This project implements the DTS API specification in Python. It provides a RESTful web service to manage and serve text documents, collections, and their metadata. It also includes tools to extract metadata from XML documents and convert them into the appropriate DTS representations. The project is built using FastAPI for the web framework and Pydantic for data validation and serialization.
full API purpose and specification can be found here:
https://distributed-text-services.github.io/specifications/
actual DTS api implementation version is 1-alpha.
- RESTful API for requesting documents and collections
- Metadata extraction from XML documents (Dublin Core)
- OpenAPI documentation for easy API exploration
- Unit tests to ensure code quality and reliability
- Modular design for easy extension and customization
- Asynchronous support for handling multiple requests efficiently
- CORS support for cross-origin requests
- Example data and scripts for testing and demonstration
- Error handling and validation for robust API interactions
- Support for multiple storage backends (local filesystem, GitHub, ExistDb)
To run the api locally, clone the repository and install the required dependencies with Poetry:
git clone
cd py-dts
poetry installthen, if you have uvicorn installed, you can run:
uvicorn main:app --reloadFastAPI launcher can also be used if you have it installed:
fastapi dev main.pydeployment documentation can be found in the FastAPI documentation.
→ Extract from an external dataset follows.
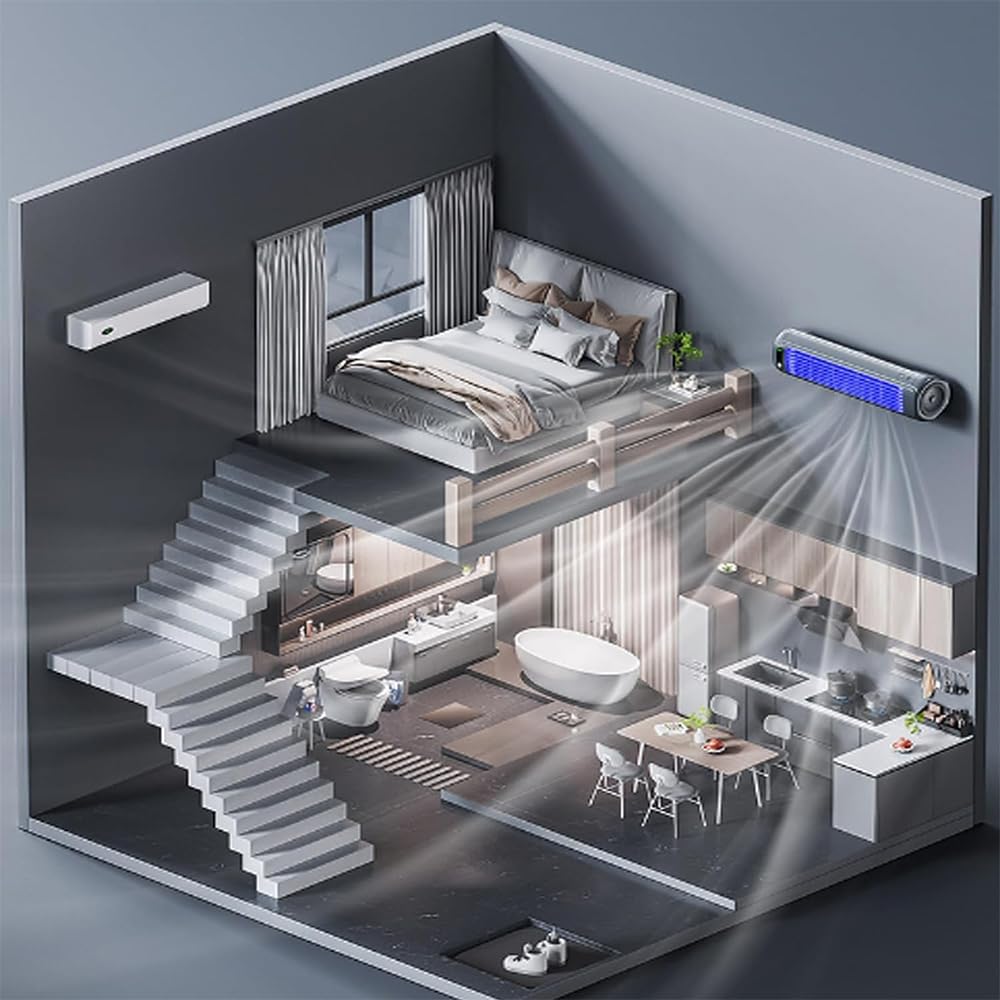 Libiyi Cooling Ace, Outfany Cooling Ace, ventilateur de refroidissement pour climatiseur portable avec 3 vitesses et écran tactile LED, bureau pour chambre/bureau/cuisine/salle de bain (Beige)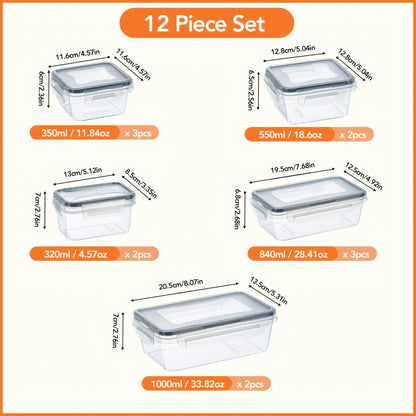 Container Set Food Storage Organizer with Locking Plastic Lids in 12-, 24- or 48-Piece Options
https://fastapi.tiangolo.com/deployment/manually/
To use the API, ensure that your documents are stored in the appropriate data storage. PY-DTS supports local filesystem storage and GitHub storage backends.
Available storage backends can be extended by implementing a new Database class and a new FileStorage class.
PY-DTS does not impose a specific directory structure for your documents, but it is recommended to follow a consistent structure for easier management. Nevertheless, PY-DTS needs a metadata file in JSON format to describe the collections and documents available in the storage.
An example of such metadata file can be found in the tests/dummy/local-storage-data/metadata.json file.
When your database is ready, you have to configure the API to point to your data storage.
This can be done by setting the STORAGE environment variable (.env).
You also have to provide the base path to your storage and the path to your metadata file by setting the METADATA_PATH environment variable (.env).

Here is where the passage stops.